Maintenant qu'il fait tout le temps nuit sur toi
de Mathias Malzieu
Flammarion 2005 /  15 €- 98.25  ffr. / 160 pages
ISBN : 2-08-068818-9
FORMAT : 14x21 cm

C’est fini

Mathias Malzieu, le chanteur du groupe Dionysos, publie chez Flammarion son premier roman. Après un recueil de nouvelles très soigné et assez remarqué, 38 mini westerns (2003), Maintenant qu’il fait tout le temps nuit sur toi est le roman autobio-radiographique d’un enfant de trente ans qui perd sa maman, d’abord dans une chambre d’hôpital - «c’est effroyable le bruit d’un coeur qui casse», puis dans la maison - «c’est le début des caresses coupantes, celles qui se plantent dans les vieux souvenirs» -, enfin dans le cimetière : «Je veux te réveiller, je veux qu’on te rende à nous [...] j’organiserai ton évasion».

Le récit est bouleversant, au sens littéral, tant il met sens dessus dessous les vagues qui assaillent l’esprit, le corps et l’âme d’un enfant déboussolé, dont le coeur bat une chamade insolite, inédite face à un événement que la société occulte : la destinée de l’être humain dans sa finitude. Pour pallier ces carences et se préserver de son intense détresse, Mathias s’invente un compagnon imaginaire : Jack le géant, espèce d’E.T. d’outre-tombe, voyageur permanent entre l’ici et l’au-delà, dompteur d’ombres, guide initiatique vers la lumière, celle qui ramène à la vie. «Je suis là pour te réenclencher les mécanismes. Il te faut des histoires, pas seulement pour t’amuser».

Mathias combat ainsi le vide qui s’installe insidieusement partout ; c’est une histoire sans fin, sans happy end, c’est très bien "mal-écrit", c’est un cri, contenu par l’écriture, qui exploserait en dérapages incontrôlés, si griffonner des mots sur une feuille blanche n’était le seul exutoire possible au gouffre insondable de l’Absence. Les mots viennent sans qu’on y pense, fleuve intarissable de l’expression des douleurs, l’écriture prend son temps pour canaliser la rage insoutenable. Comme pour Alice, l’évasion dans le fantastique est peut-être une clef pour la compréhension.

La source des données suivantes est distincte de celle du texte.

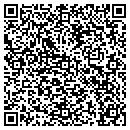 QR code with Acom Multi Media contacts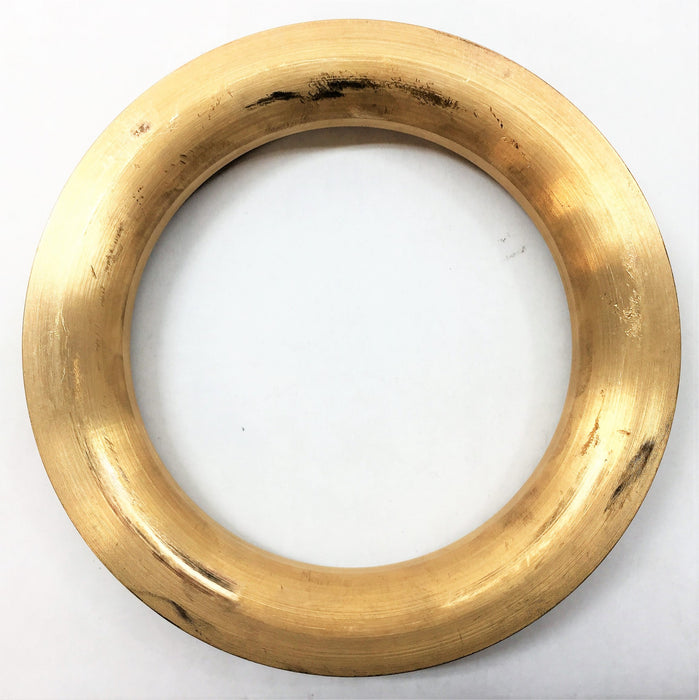 HALE PRODUCTS Ring 321-0060-00 (RUD-13382) NOS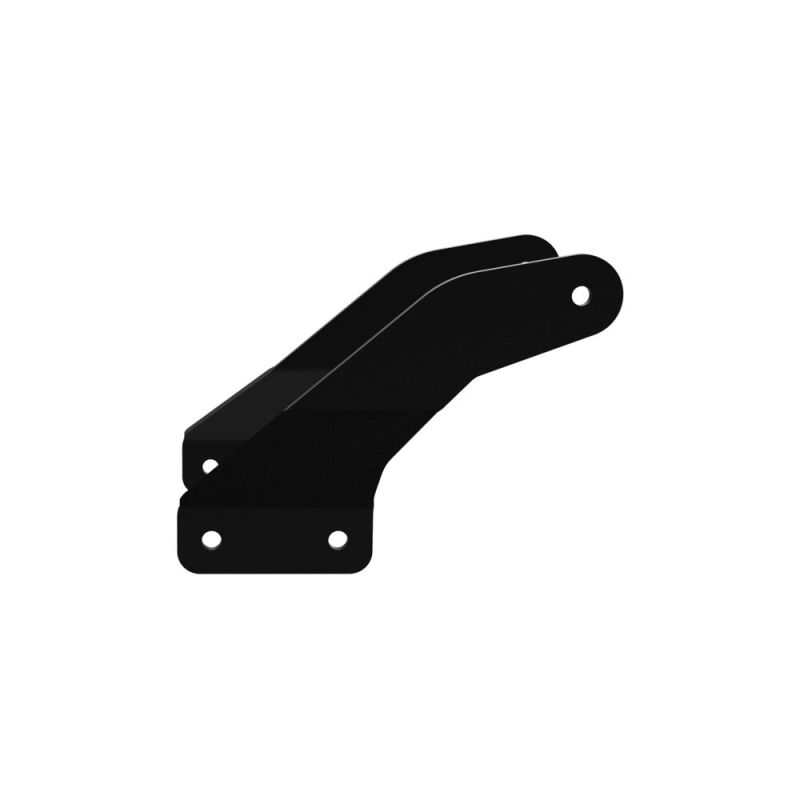 Can-Am Maverick R Overhead Light Mount (7-Lt Gravity LED) 2024-2025
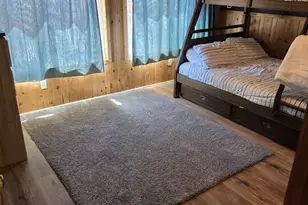 46354 Vale Dr, Big Bear City, CA 92314 - Photo 11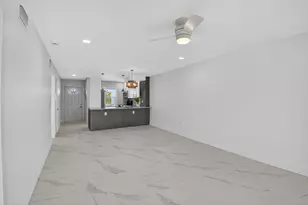 9886 Marina Blvd, Boca Raton, FL 33428 - Photo 27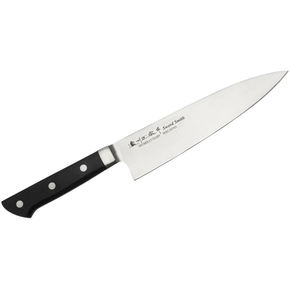 Nůž šéfkuchaře, 21 cm | SATAKE, Satoru
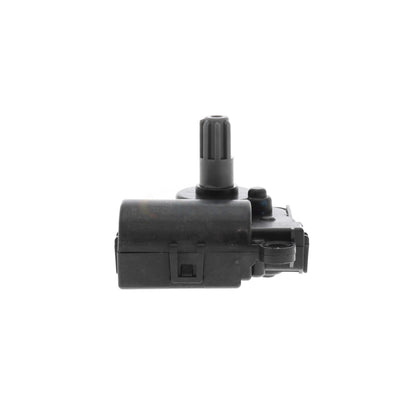 ACKOJA Actuator, blending flap A52-77-0046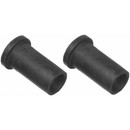 MOOG Chassis Products Rack and Pinion Mount Bushing K8263 - view 2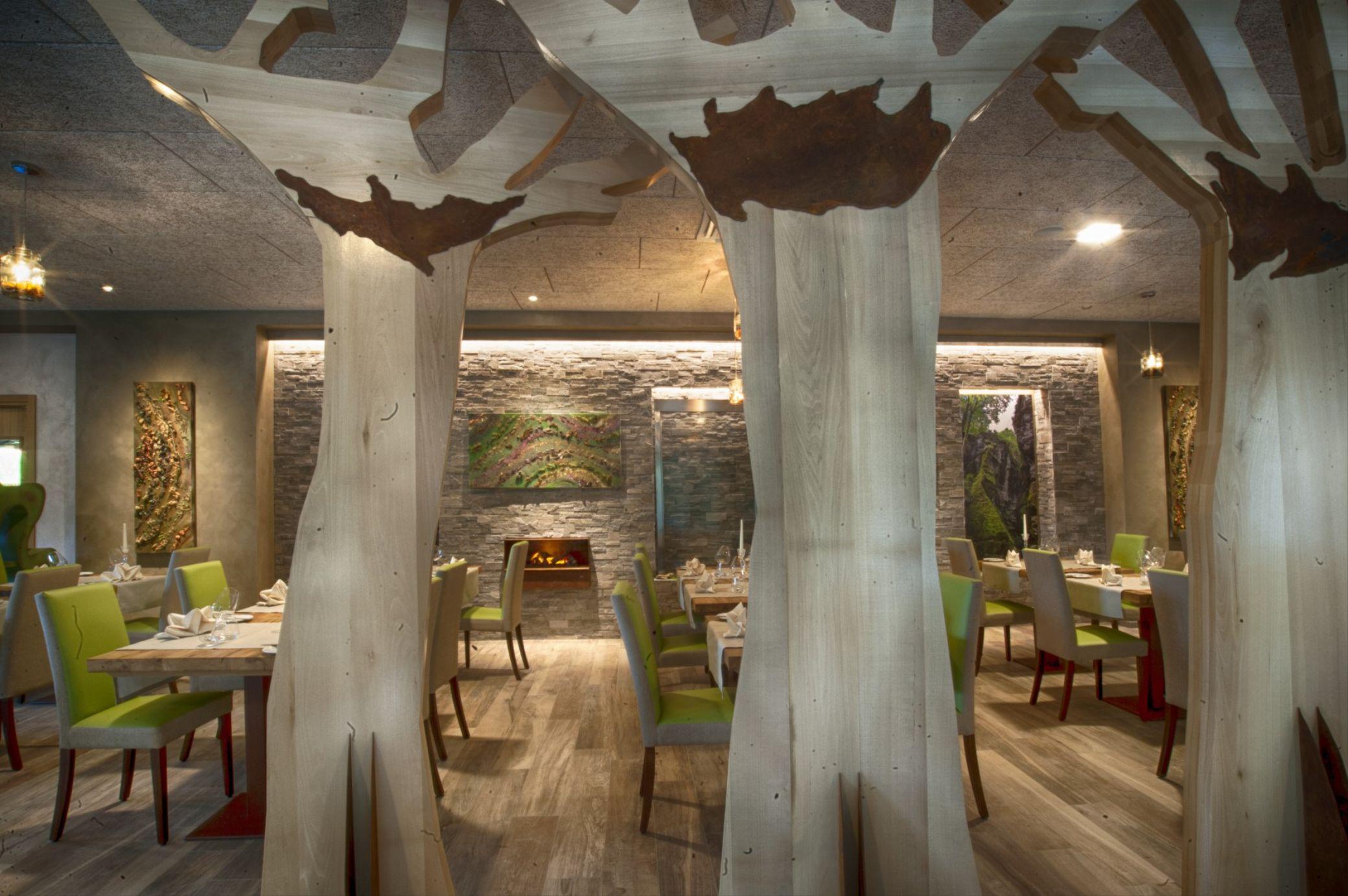 Hotel Cortese Armeno Екстер'єр фото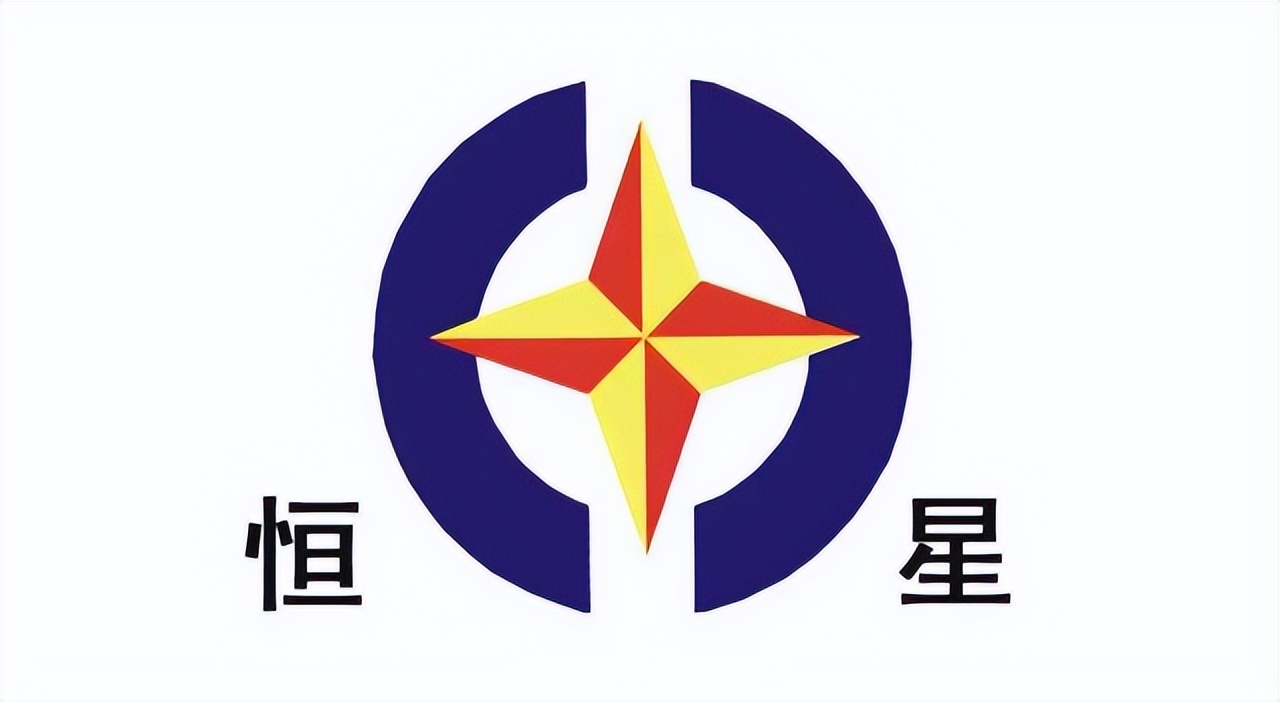 有机硅材料概念股龙头股一览表,有机硅上市公司龙头股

Comme Tim Burton, cette race de révoltés, fantaisistes visionnaires, à l’imagerie singulière, est apte à «toucher» à tous les coups.

Mathias Malrieu est un électron libre, émouvant, à l’écriture courte, sans contrainte, irréelle, absurde, survoltée et drôle. Il vit aujourd’hui à Toulouse, la ville dont Nougaro disait que «même les mémés aiment la castagne». Le passage à l’âge adulte n’est pas la priorité des grands enfants mais certains événements font grandir : «les cataclysmes, c’est lourd à digérer [...] mais c’est très bon pour la santé et ça fait grandir»...

Raymonde Roman
( Mis en ligne le 13/04/2005 )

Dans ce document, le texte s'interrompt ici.